Is the United States falling behind in the global race for scientific and engineering talent? Are U.S. employers facing shortages of the skilled workers that they need to compete in a globalized world? Such claims from some employers and educators have been widely embraced by mainstream media and political leaders, and have figured prominently in recent policy debates about education, federal expenditures, tax policy, and immigration. Falling Behind? offers careful examinations of the existing evidence and of its use by those involved in these debates.

These concerns are by no means a recent phenomenon. Examining historical precedent, Michael Teitelbaum highlights five episodes of alarm about "falling behind" that go back nearly seventy years to the end of World War II. In each of these episodes the political system responded by rapidly expanding the supply of scientists and engineers, but only a few years later political enthusiasm or economic demand waned. Booms turned to busts, leaving many of those who had been encouraged to pursue science and engineering careers facing disheartening career prospects. Their experiences deterred younger and equally talented students from following in their footsteps-thereby sowing the seeds of the next cycle of alarm, boom, and bust.

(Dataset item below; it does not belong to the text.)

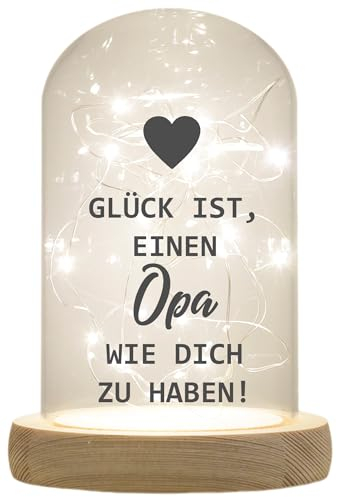 WB wohn trends LED-Glaskuppel, Glück ist einen Opa wie Dich zu haben, 16,5x11cm, Glasglocke mit LED-Licht und Holz-Fuß LED-Laterne LED-Lampe mit Text Spruch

Falling Behind? examines these repeated cycles up to the present, shedding new light on the adequacy of the science and engineering workforce for the current and future needs of the United States.

Autorenporträt
Michael S. Teitelbaum is a Wertheim Fellow in the Labor and Worklife Program at Harvard Law School and senior advisor to the Alfred P. Sloan Foundation in New York. Until 2011 he was vice president of the Sloan Foundation. His previous books include The Global Spread of Fertility Decline, A Question of Numbers, The Fear of Population Decline, and The British Fertility Decline.